Although it's natural to assume that presidents would be lavished with gifts on their inauguration day, that's not actually the case. According to the State Department's Protocol Gift Unit, which keeps tracks of gifts received by presidents, Obama was given only one gift on his first inauguration: A book and a piece of art from Felipe Calderon, the then-president of Mexico. Obama didn't receive any gifts at all after his second inauguration, according to that same list.


One reason the government keeps records of presidential gift-giving is to avoid any appearance of impropriety or conflict of interest. A gift to a president from, say, a foreign government or private corporation could be interpreted as a bribe or quid pro quo under the wrong circumstances, and that would be double the case if the fact of the gift was kept secret.

This is probably why the State Department's official list of gifts given to the president also has a section explaining why the gift in question was accepted.
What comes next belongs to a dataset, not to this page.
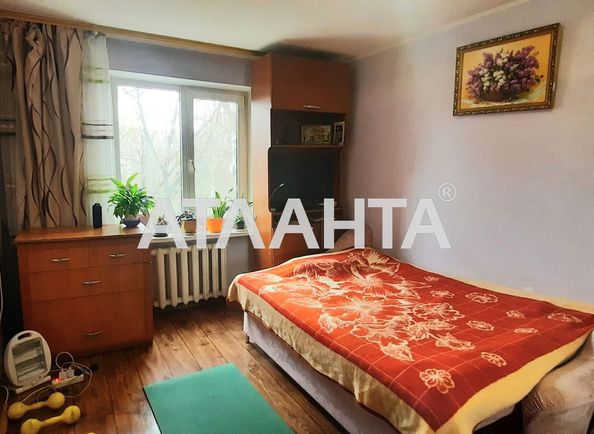 3-кімнатна квартира за адресою вул. Заболотного ак. (площа 61 м²) - Atlanta.ua - фото 4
That said, the explanation is almost always the same — "Non-acceptance would cause embarrassment to donor and U.S. Government" — so that section of the list isn't quite as informative as it could be.

Nevertheless, that State Department list is still a fascinating document, as it provides a glimpse into a narrow world rarely seen by the general public. In 2015, for instance, German Chancellor Angela Merkel gave Obama a "framed watercolor painting of men playing basketball." The same year, the Emir of Qatar gifted him a "silver bowl with the Qatari insignia in the center and bordered by an alphabetical listing of national capitals and their distance from Doha [the capital of Qatar] in kilometers."

If Obama does give Trump a gift, it will end up on that list, and we're waiting on baited breath to see if it happens and if so, what the gift actually is.